Apple has introduced a series of new features and technologies in the Worldwide Developers Conference. Those that brought huge applause are OS X Yosemite and iOS 8 operating systems.
iOS 8 brings in new openness to the operating system. The company's press release said it's their biggest developer release ever with more than 4,000 new application programming interface calls.
Apple wrote "iOS 8 allows developers to further customize the user experience with major extensibility features." But the openness invites security challenges as CNET reported more openness in Apple's mobile operating system that is great for developers and an enticement for hackers.
Richard Henderson, a security strategist at Fortinet's FortiGuard Threat Research and Response Labs, suggested the focus on continuity or seamless integration between OS X and iOS user experience may potentially be problematic for organizations and users.
Security Watch highlighted security challenges that can be faced by anyone thinking of participating in the public beta program.

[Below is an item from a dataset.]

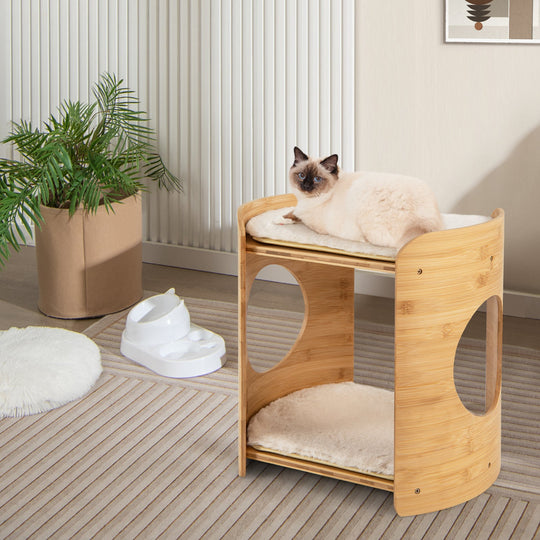 2-Tier Bamboo Cat Tree with Plush Mats for Indoor Cats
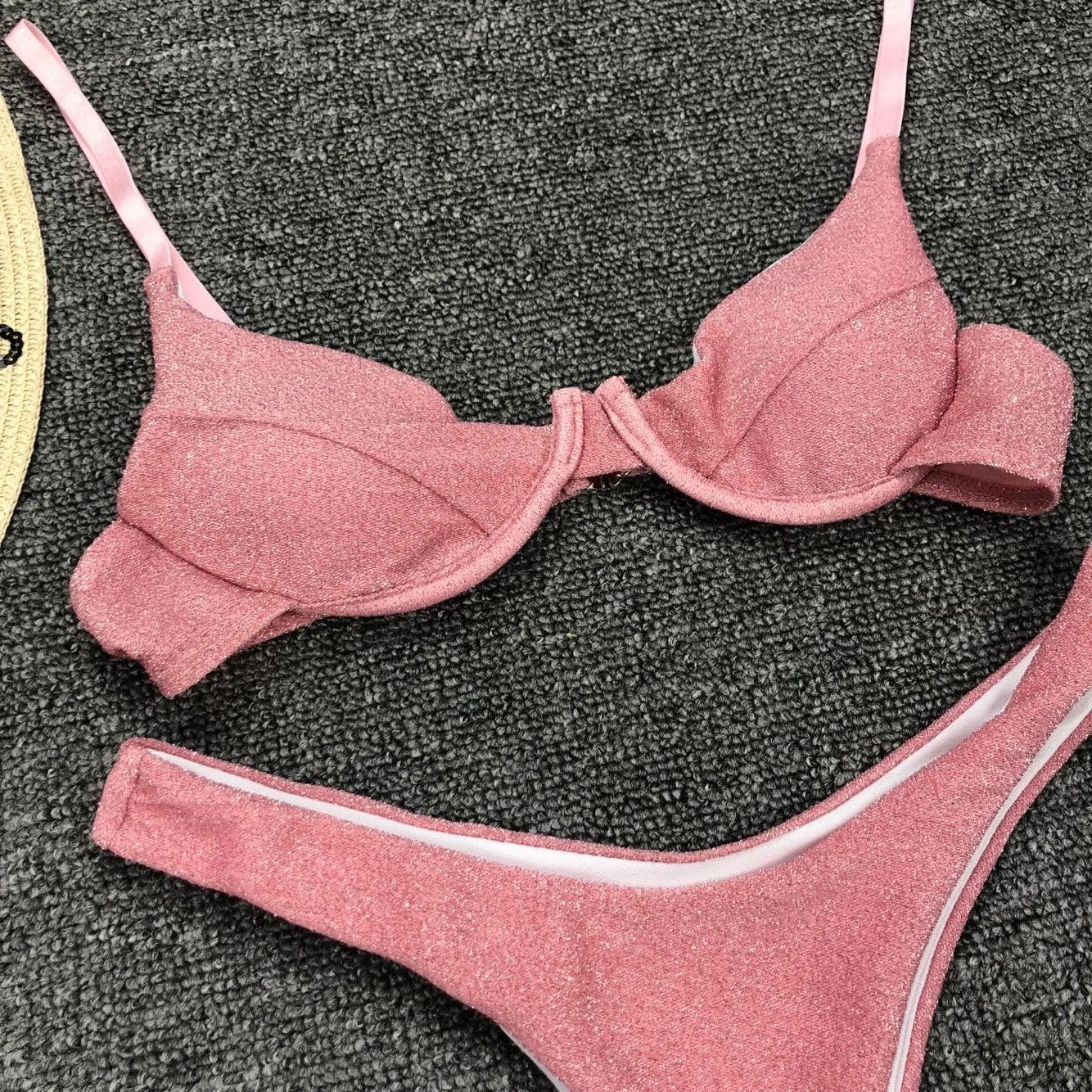 Sexy Silver Glitter Bikini – Push-Up Cut Out Thong Swimsuit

1. Where is the Data Getting Stored?
The Handoff feature allows users to start working on something on iPad exactly from where they left off on the Mac. This process leads to many questions such as how exactly would Apple transmit information from one machine to another, whether Apple encrypts the data stored on iCloud servers and whether Apple can be asked to hand over information when faced with a National Security Letter or court order.
Henderson suggests an ideal situation where Apple would use end to end encryption since devices could generate private and public keys when setting up everything.
2. Password Free Hotspots Are a Threat
The Instant Hotspot helps users to share Internet connections without any password. This could be problematic especially in a public area, where anyone who can see and connect to the phone can wind up stealing bandwidth. Also, putting all these behind the iCloud account for security means only devices gets authenticated and Apple can take advantage of the hotspot feature.
3. Health Data is Not That Private
The HealthKit and Health app monitor heart rate, blood pressure, blood glucose levels and smart weigh scales. The health emergency ID screen, which also includes medications, can be accessed from the lockscreen easily. These features could be abused as it is visible to anyone who touches the phone.
4. Spotlight Data Has no location
Spotlight on both OS X Yosemite and iOS 8 will search data from sources like Wikipedia, Maps, Yelp reviews and news articles. It is unsure where Spotlight data are being stored, whether it is locally or on iCloud servers so that other devices can access the data. If Apple is building customer activity profiles similar to what Google does, then Apple should remove the profile when it is not in the Apple ecosystem.